Alceu Valença, um dos nossos maiores patrimônios culturais

Aos 72 anos, o gênio da música e múltiplo artista segue com agenda repleta de shows e disposto a inovar cada vez mais

No auge dos seus 72 anos, o múltiplo artista pernambucano Alceu Valença fez mais de 80 shows só neste ano e, ao longo da carreira, vendeu milhões de discos, ganhou prêmios importantes, dirigiu e lançou o filme A luneta do tempo – obra da qual ele se orgulha muito -, acumula inúmeras músicas de sucesso e seu público alcança diferentes gerações. Toda essa honrosa bagagem justifica a escolha do público em nomear Alceu como o vencedor da categoria Música, do Grande Prêmio Orgulho de Pernambuco, promovido pelo Diario de Pernambuco. “É uma honra e um prazer. Pernambuco está na essência da minha arte. Praticamente toda a minha obra gira em torno de temas que aprendi desde menino em Pernambuco. Minha poética e musicalidade estão diretamente ligadas a essas influências. É como sempre digo: me sinto como um espelho do meu povo. Eu me reconheço nele, ele se reconhece em mim”, poetiza.

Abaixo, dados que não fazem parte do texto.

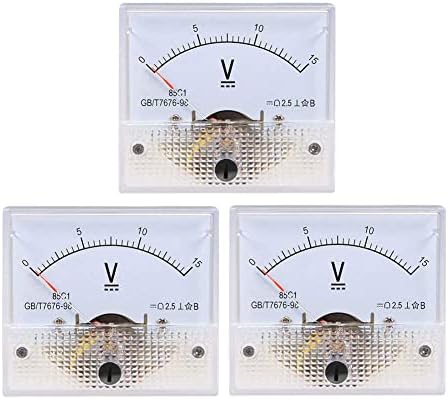 0-15V Analog Voltmeter Panel 85C1-V Gauge Meter 2.5 Accuracy for Auto Circuit Measurement Tester (DC 15V-3Pcs)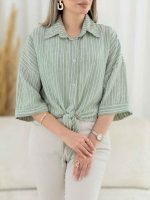 شومیز گره ای راه راه کد 7861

Na infância, não havia radiola na casa onde ele morava com seus pais Décio e Adelma, em São Bento do Una, no Agreste pernambucano. O motivo era o medo que o pai tinha de que o pequeno Alceu se tornasse boêmio e, por isso, não incentivava a sua veia artística. Essa condição da época fez com que o músico escutasse poucas músicas até os dias de hoje. “A música que conheço, eu aprendi com os vaqueiros, os trios de forró, as duplas de violeiros e emboladores. Uma vez, no início da minha carreira, perguntei ao Hermeto Pascoal o que ele costumava escutar. Sabe o que ele respondeu? Nada. Para não me influenciar”, diz, aos risos.
Foi apenas em 1969 que Alceu Valença, o então jovem de 23 anos, descobriu que tinha talento para a música, durante um curso de férias para o qual foi selecionado na Universidade de Harvard, nos Estados Unidos. Depois das aulas, ele levava seu violão para a praça e cantava xotes, baiões e martelos agalopados. “Os hippies e hare krishnas adoravam e dançavam em torno de mim”, recorda. Essas despretensiosas apresentações despertaram a curiosidade de um jornal de Massachusetts, que perguntou o que ele cantava. “Protest songs”, respondeu. Esse mesmo jornal definiu o pernambucano como o “Bob Dylan brasileiro”, quando ele nunca havia escutado uma música sequer do cantor e compositor norte-americano.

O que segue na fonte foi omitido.